Recebe a seguinte mensagem de erro: `PERMISSION_DENIED: Request is prohibited by organization's policy vpcServiceControlsUniqueIdentifier VPC_SERVICE_CONTROLS_UNIQUE_IDENTIFIER.`	Certifique-se de que configura os VPC Service Controls para que o projeto que aloja o conjunto de ACs e a AC do CA Service, e o projeto que aloja o Cloud SQL pertençam ao mesmo perímetro de serviço. Para mais informações, consulte os artigos Perímetros de serviço e Faça a gestão dos perímetros de serviço.
Recebe uma das seguintes mensagens de erro `INVALID ARGUMENT`: `Public key algorithm is not permitted by the CaPool's issuance policy.` `This CaPool's issuance policy does not permit passthrough subjects and/or subject alternative names, and thus can only be used with the REFLECTED_SPIFFE subject mode.` `Config issuance mode is not permitted by the CaPool's issuance policy.`	Verifique as definições de configuração do conjunto de ACs e da AC. Certifique-se de que cumpre todos os requisitos indicados em Crie um grupo de CA e Crie uma CA no grupo de CA.
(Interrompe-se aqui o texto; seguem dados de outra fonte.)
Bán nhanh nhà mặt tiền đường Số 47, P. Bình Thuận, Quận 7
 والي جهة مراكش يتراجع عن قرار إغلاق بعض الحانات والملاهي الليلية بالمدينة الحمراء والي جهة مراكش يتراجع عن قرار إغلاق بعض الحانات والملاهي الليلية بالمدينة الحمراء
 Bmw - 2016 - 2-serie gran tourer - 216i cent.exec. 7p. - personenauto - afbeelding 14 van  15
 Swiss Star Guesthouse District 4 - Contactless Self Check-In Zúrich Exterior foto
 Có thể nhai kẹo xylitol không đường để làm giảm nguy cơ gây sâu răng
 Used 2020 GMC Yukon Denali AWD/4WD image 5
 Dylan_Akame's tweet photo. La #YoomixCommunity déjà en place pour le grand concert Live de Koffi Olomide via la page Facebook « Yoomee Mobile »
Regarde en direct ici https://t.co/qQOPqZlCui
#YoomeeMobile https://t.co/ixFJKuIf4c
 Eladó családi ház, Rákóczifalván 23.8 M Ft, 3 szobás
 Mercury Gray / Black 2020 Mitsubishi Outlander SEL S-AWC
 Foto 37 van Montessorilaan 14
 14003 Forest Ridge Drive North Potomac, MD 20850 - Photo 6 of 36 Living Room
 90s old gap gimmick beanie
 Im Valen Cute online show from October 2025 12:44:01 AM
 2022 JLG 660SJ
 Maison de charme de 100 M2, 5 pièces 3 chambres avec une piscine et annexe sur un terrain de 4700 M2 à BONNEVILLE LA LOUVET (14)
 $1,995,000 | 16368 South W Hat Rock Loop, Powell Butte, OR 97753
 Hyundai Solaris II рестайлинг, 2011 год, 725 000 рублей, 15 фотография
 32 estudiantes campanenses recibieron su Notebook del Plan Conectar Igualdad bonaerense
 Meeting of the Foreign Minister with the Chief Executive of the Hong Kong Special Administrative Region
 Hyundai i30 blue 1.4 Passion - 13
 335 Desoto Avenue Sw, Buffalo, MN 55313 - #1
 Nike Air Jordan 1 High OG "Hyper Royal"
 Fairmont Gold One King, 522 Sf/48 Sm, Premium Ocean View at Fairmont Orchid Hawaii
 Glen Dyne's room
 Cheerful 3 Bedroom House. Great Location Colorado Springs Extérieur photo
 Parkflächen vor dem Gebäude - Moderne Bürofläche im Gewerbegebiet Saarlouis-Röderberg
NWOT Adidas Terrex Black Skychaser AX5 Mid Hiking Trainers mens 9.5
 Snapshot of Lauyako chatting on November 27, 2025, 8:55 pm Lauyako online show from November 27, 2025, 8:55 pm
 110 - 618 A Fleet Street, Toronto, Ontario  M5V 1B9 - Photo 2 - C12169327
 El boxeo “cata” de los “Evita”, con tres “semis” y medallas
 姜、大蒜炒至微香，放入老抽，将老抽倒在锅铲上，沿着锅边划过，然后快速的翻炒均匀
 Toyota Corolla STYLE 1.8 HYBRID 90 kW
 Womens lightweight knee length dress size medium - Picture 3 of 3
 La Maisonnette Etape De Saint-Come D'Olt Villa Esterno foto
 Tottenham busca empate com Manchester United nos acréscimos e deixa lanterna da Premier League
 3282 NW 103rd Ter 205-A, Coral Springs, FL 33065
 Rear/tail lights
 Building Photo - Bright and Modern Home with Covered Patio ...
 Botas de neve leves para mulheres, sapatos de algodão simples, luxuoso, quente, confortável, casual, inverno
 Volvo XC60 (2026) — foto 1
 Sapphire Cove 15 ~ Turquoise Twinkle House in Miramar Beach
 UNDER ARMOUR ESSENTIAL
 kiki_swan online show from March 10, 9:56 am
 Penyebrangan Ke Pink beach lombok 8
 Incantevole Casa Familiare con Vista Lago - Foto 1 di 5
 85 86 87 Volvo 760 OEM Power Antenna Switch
Recebe a seguinte mensagem de erro: `RESOURCE_EXHAUSTED`	Isto representa problemas de quota com o serviço de AC. Verifique a quota do serviço de CA no seu projeto. Verifique se pode estar a usar pedidos no seu conjunto de ACs fora do Cloud SQL. Para mais informações, consulte o artigo Quotas e limites.
Recebe a seguinte mensagem de erro: `NOT FOUND: parent resource CA_POOL_ID not found.`	Verifique o ID do projeto, a localização e o nome do conjunto de AC que especificou quando criou a instância do Cloud SQL. Certifique-se de que não cometeu erros ortográficos.
Recebe a seguinte mensagem de erro: `FAILED_PRECONDITION: There are no enabled CAs in the CaPool. Please ensure that there is at least one enabled Certificate Authority to issue a certificate.`	Certifique-se de que criou, pelo menos, uma AC no conjunto de ACs que especificou quando criou a instância do Cloud SQL e que a AC está no estado ativado.
Recebe a seguinte mensagem de erro: `FAILED_PRECONDITION: Per-Product Per-Project Service Account (P4 SA) SERVICE_ACCOUNT_NAME not found for project PROJECT_ID.`	Certifique-se de que criou a conta de serviço para o seu projeto do Cloud SQL. Para mais informações, consulte o artigo Crie uma conta de serviço específica do projeto.
Recebe a seguinte mensagem de erro: `INVALID ARGUMENT: Invalid format for server CA pool.`	Certifique-se de que especificou o conjunto de AC no formato correto: `projects/PROJECT_ID/locations/REGION/caPools/CA_POOL_ID`
Recebe a seguinte mensagem de erro: `INVALID ARGUMENT: The instance's server CA pool must be in the same region as the instance.`	Certifique-se de que o conjunto de ACs está na mesma região que a instância do Cloud SQL que quer criar.